Concept

Men of Good Will

Les Hommes de bonne volonté () is an epic roman-fleuve by French writer Jules Romains, published in 27 volumes between 1932 and 1946. It has been classified both as a novel cycle and a novel and, at two million words and 7,892 pages, has been cited as one of the longest novels ever written. The volumes, written in chronological order from volume one, Le 6 octobre, through volume twenty-seven, Le 7 octobre, between them cover 6 October 1908 through 7 October 1933 in French life—an average of one volume per year, book-ended by one volume each for two particular days. The plot is expansive and features a large cast of characters, rather than narrowly focusing on individuals, but the two principals are Pierre Jallez, a poet loosely based on Romains, and Jean Jerphanion, a teacher who later goes into politics. They meet in volume 2 starting at the École Normale Supérieure and become friends.

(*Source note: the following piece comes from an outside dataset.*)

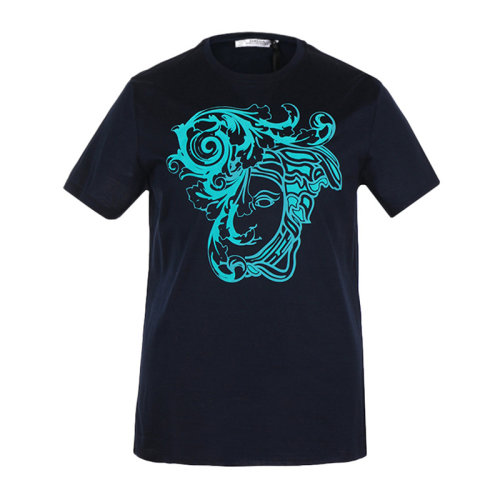 VERSACE 范思哲 男士 服裝 深藍色美杜莎印花圖案圓領棉質T恤 男士短袖T恤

Jerphanion marries a woman named Odette and lives happily with her, while Jallez tries several times to find love and is eventually married to Françoise Mailleul. In the course of their careers, meanwhile, Jerphanion spends ten years in the Chamber of Deputies and is briefly Minister of Foreign Affairs, and Jallez finds success as a novelist, each trying to secure peace in their own way, though the First World War takes place halfway through the story, which ends with the first foreshadowings of World War II. Structurally, Men of Good Will is a roman-fleuve—a long work across several volumes with continuation of plot and related characters that may mean it forms a single novel. It has been described as a novel cycle or novel sequence, and as a novel, by different writers. Its full extent, at 2,000,000 words, across 7,892 pages, 779 chapters and 27 volumes, means it has been described as one of the longest novels ever written—sometimes the single longest. Men of Good Will and particularly certain portions of it—Encyclopædia Britannica picks out the victory parade at the end of World War I—are emblematic of Romain's philosophy of unanimism, characterised by an interest in the collective rather than individuals.